The envelope was a bit crumpled, but I’m used to that in this demoralized era of the USPS. Ben Franklin would be appalled, joining present day politicians and citizens in their much public rants about “things aren’t as good as they used to be and the country’s going to hell.” I opened it in the blasé finger-rip fashion I always employ. Who had time for the nifty rip gadget that my husband favors?
Then I plunked into the nearest chair with my eyes glued to the page. I am grateful that it was cushy, for I fell with each word.
The letter’s text was tidy and literate, belying its disheveled envelope, yet it was bewildering. I read and re-read it to decipher its content. It might as well have been a letter from Mars, for it was a letter from Attica Prison. Didn’t I remember riots at that place as I was coming of age in tender Indiana innocence? My boundaries had expanded in the 40 years since, but this letter brought pen pal correspondence to a stunning new level. Oh Lordy, what would my mama say?
It was from an inmate and, interestingly, he’d been prompted to write because he’d read my published memoir of my mother and he thought he actually knew both of us. His sister had given him stationery and stamps for Christmas, exacting a promise that he would to use them to regenerate his life.
He wrote that his family had lived in Bluffton, Indiana, a small town that was now encroached by the city of Fort Wayne where most of our relatives live. He had attended Hartford Center School where my father had been principal. He went on to describe an incident from my childhood memory bank: the day I took the dare and kicked the can on the sidewalk during recess. It happened in third grade.

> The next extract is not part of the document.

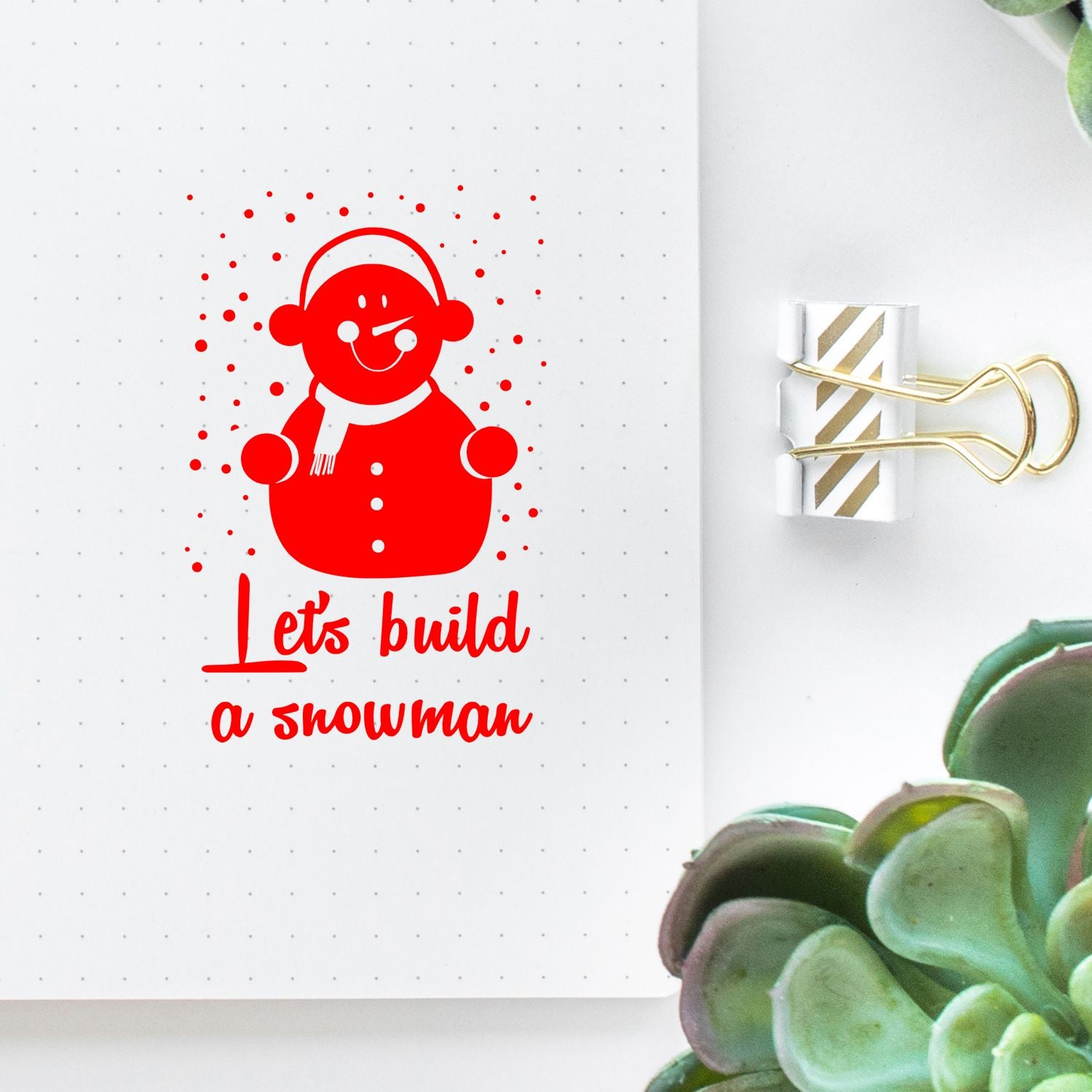 Red snowman rubber stamp design with Lets build a snowman text on a planner page, perfect for holiday crafting.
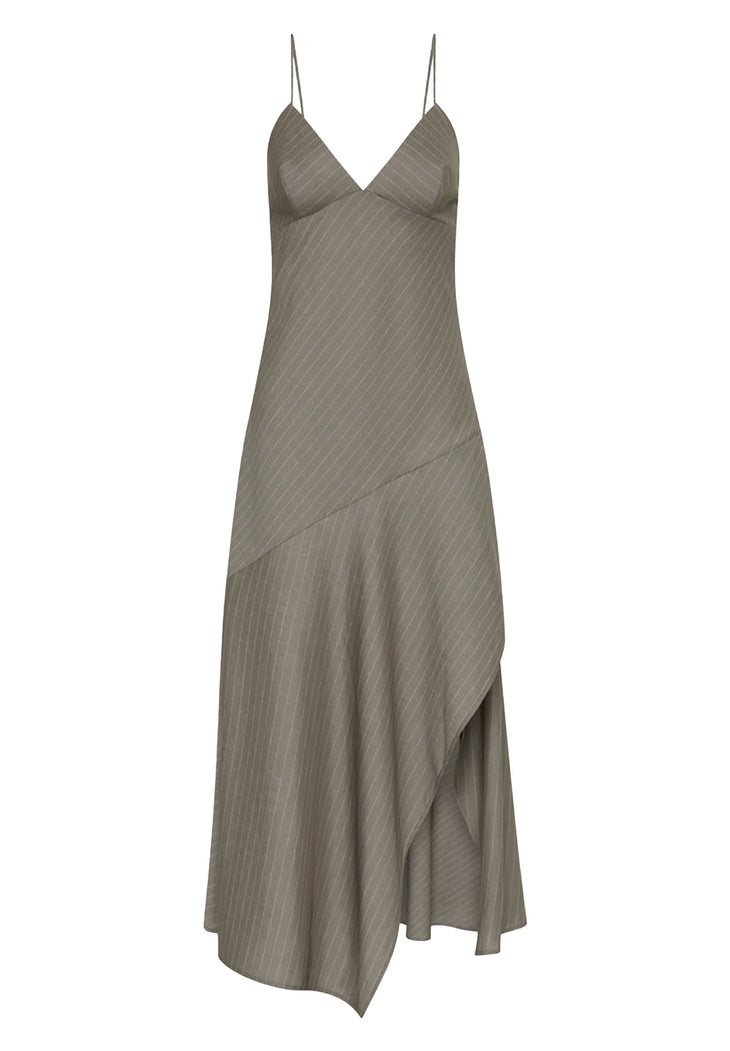 Woman wearing grey pinstriped asymmetric slip dress with thin straps and high slit — St Agni | Endless UAE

It had been a large can, probably from the school cafeteria, once holding syrupy peaches or pears. The label had been removed so that the can’s metal was the color and shape of the farm silos that accompanied every barn in our rangy flatland vista. It was cocked up on a stick, with a string attached perhaps, though the purpose of the string was lost in the moment when I kicked the can. As the can flew from my foot like a real sport, I shrieked at the sight of a salamander. Boys’ laughter shrilled around me. There could have been no more than 4; it was a very small school and primary grade classes seldom mixed together in play. I was as thrilled as I was frightened, proud as I was dismayed.
He recalled the incident as well as I did, but from another side: he’d extended the dare. He went on to say that he was in prison because he’d taken one too many dares, achieving the ultimate badass status of being an Attica inmate. He sought redemption, as well as connection, in the telling of our tale, proving the adage that there are two sides to every story.